However, I have found two gifts, or graces during this voyage. First, I still haven’t sunk, despite the towering swells and vicious waves. Don’t get me wrong I have doubted, despaired, nearly given up and walked away. Almost swallowed whole and absorbed into the depths of unending darkness and yet here I am.
In all the difficulty there has always been the smallest glimmer of light, the faintest whisper of hope. You could say something, or someone was holding me just above the waves, so I didn’t succumb to fatigue and sink. Maybe that’s what it means to be ‘held in the hands of God’. It’s not being wrapped in cotton wool and only receiving good things but, being kept from sinking while you’re in the storm.
Secondly, I am learning how to stand and persevere within the storms. When life isn’t going you’re way it’s hard to deal with and the natural response, for me at least, is to fight it! To dig my heels in and resist, resist the reality, the feelings and lean hard into denial, avoidance and distraction by whatever means possible. This approach unfortunately only makes matters worse!
I’m reminded of a swim coach’s advice on my technique. He encouraged me to relax my shoulders and not try to fight my way through the water. But instead feel the flow of the water, extend your arms fully and notice the right moment to pull and the water will work with you.
And he was right, when you work with the water it feels like you are pulling on something solid each stroke and yet you find yourself gliding, as if through air at the same time. Rather than expending massive amounts of energy to move through something, you conserve energy and move with it instead.
A musician, I have discovered recently puts it like this;
“As I got older, I realized there were no real winners and there were no real losers in psychological warfare
But there were victims and there were students
It wasn’t David versus Goliath, it was a pendulum
Eternally swaying from the dark to the light
And the more intensely that the light shone, the darker the shadow it casts
It was never really a battle for me to win, it was an eternal dance
And like a dance, the more rigid I became, the harder it got
The more I cursed my clumsy footsteps, the more I struggled
So I got older
And I learned to relax, and I learned to soften, and that dance got easier”
Lyrics from ‘Hi Ren’ by Ren (https://www.youtube.com/watch?v=s_nc1IVoMxc)

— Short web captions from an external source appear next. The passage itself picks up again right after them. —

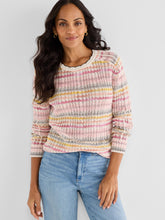 Load image into Gallery viewer, Woman wearing a colorful sweater and blue jeans against a white background.
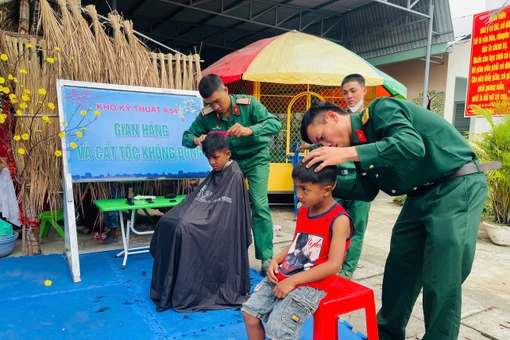 Cán bộ, chiến sĩ Kho Kỹ thuật K54 cắt tóc miễn phí cho trẻ em địa phương. Ảnh: Vũ Chi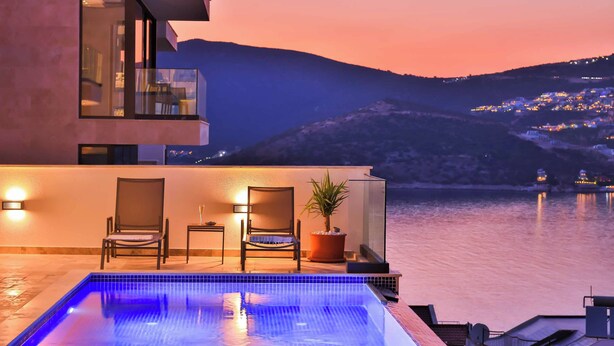 A modern pool area with a view of a hillside town at dusk. - Villa Bank Two - Three Bedroom Villa, Sleeps 8 (Kalkan)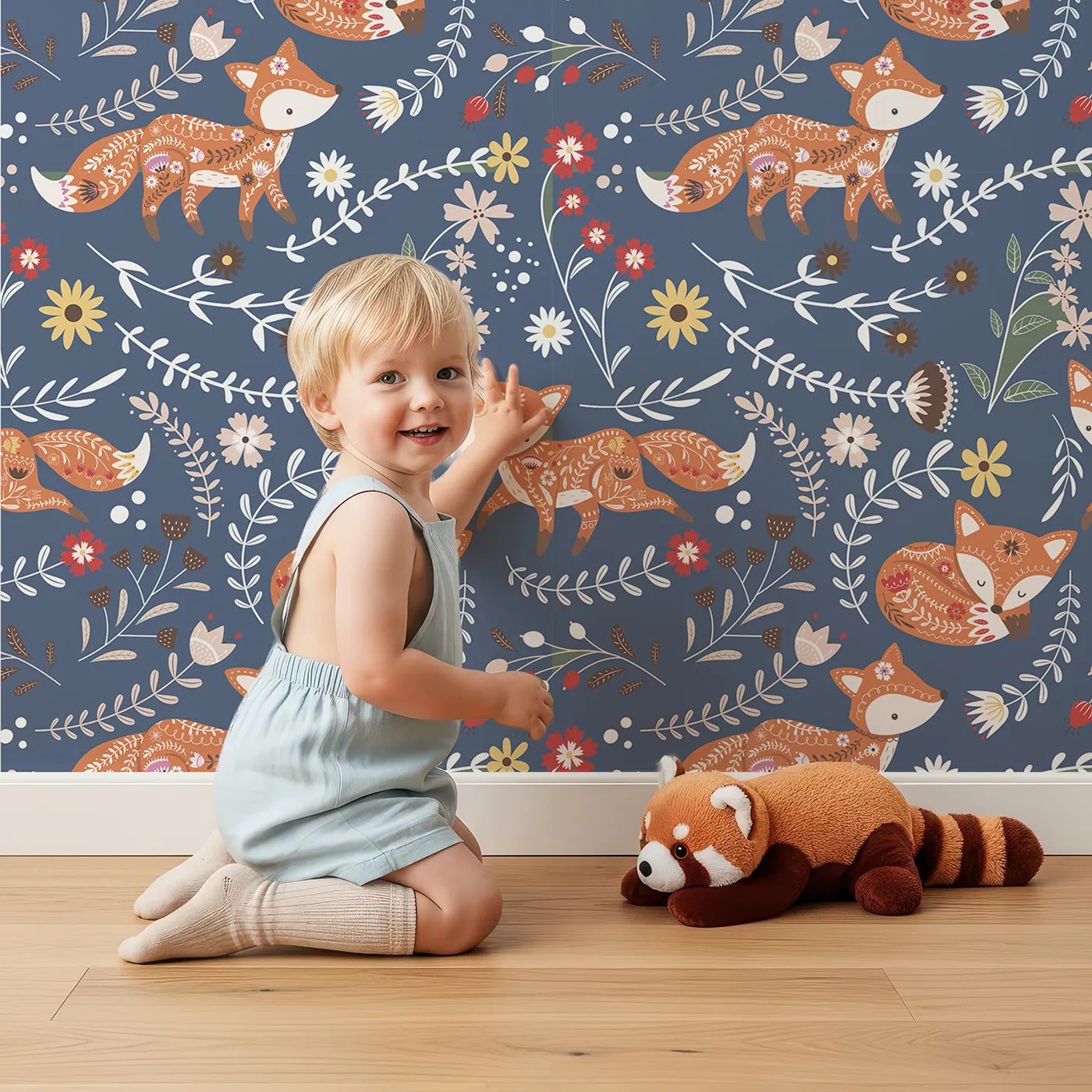 Lovely child standing in front of Whimsy Tots Folk Bloom Foxes Wallpaper in Twilight Blue with fox, flower, vine in design.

I don’t think I could have learned these lessons without having tried to fight the storms I was in. Being utterly defeated wave after crushing wave forces you to find a new way. But it feels jarring that this learning and growth has come at such a high price especially when so much in life is the ‘tap of a finger’ away, allowing us to sit behind a screen and indulge without much effort or commitment.
Maybe this is the third gift I have found then, that if we truly desire to become something new we have to let go of what is, and as the old is stripped away lean into the discomfort and pain, learn it’s feel and flow, ‘become soft’, move with it and grow. Nothing worth doing is achieved without effort, commitment, and sacrifice – this was the way Jesus told his disciples it would be, “A student is not greater than his teacher. A servant is not above his master. The student shares his teacher’s fate. The servant shares his master’s!” (Matthew 10:24-25, NLT version) and, “If any of you wants to be my follower, you must give up your own way, take up your cross, and follow me.” (Matthew 16:24, NLT version)
If we commit to this process, I believe we become a new kind of beast, we begin to transcend the worries of this world using them like rungs of a ladder to ascend. Then we begin to step into who we are called to be, guided, and grown by Spirit.
NOTE: It can be tempting to read certainty into these words, they are however written from a place of faith, hope and trust. And some days that comes easier than others. They are words I use to remind myself, they are words I aspire to and ultimately, they are words I trust that God will honour and bring to fruition in me as I seek to do his will.